If you want to understand Adaptive Query Execution Framework, Please check this section.
Shuffle Optimizations
As you know shuffling is one of the critical things for any query which involves it. If you can find that correct number of partitions for shuffle then its great, but that is always been challenging. This is challenging because the amount of data varies from query to query, stage to stage (because you apply filter, join etc. in query). And for each stage if you are using same number of shuffle partitions then it would have small size tasks which is inefficient for the Spark scheduler or if a smaller number of big tasks then it would have excessive garbage collection overhead and disk spilling.
Here, Adaptive Query Framework helps a lot, in this case AQE adjusts the shuffle partitions number automatically at each stage of the query. That is decided based on the size of the map-side shuffle output.

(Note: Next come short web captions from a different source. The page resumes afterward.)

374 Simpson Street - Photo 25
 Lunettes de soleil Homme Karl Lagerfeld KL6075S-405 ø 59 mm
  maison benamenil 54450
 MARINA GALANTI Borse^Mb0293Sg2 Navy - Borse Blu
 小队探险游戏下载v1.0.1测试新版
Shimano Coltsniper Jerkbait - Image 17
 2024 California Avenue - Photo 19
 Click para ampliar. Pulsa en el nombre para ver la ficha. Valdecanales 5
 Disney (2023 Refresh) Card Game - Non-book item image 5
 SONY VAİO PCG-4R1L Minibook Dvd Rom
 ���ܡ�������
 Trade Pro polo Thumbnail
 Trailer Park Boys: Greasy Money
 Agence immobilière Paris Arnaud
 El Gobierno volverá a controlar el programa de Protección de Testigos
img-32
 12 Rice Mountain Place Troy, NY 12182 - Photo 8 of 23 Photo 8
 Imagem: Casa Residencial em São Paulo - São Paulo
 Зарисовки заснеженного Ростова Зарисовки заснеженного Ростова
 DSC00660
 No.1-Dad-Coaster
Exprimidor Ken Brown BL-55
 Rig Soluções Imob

Hence, of data sizes grow or shrinks with each different stage. Task size will roughly remain the same, neither too big nor too small.
Does AQE framework set the map-side number of partitions, answer is No. Then how it works? For that you have to do either of the following thing AQE to work perfectly
High number of shuffle partitions: User should be able to set high number of shuffle partitions using SQL config spark.sql.shuffle.partitions.
Auto Optimization: If you are using Databricks then you can enable Databricks edge feature “Auto Optimized Shuffle” using the setting spark.databricks.adaptive.autoOptimizeShuffle.enabled to true
Selecting correct join strategies
When cost based optimized is used very important decision which is made for join is, which join strategies to be used. And selection of join strategy is depending on the estimation of the join relations. There are chance that estimation can go wrong as below
Overestimation: in this case less efficient join would be selected.
Underestimation: This can lead to out-of-memory error.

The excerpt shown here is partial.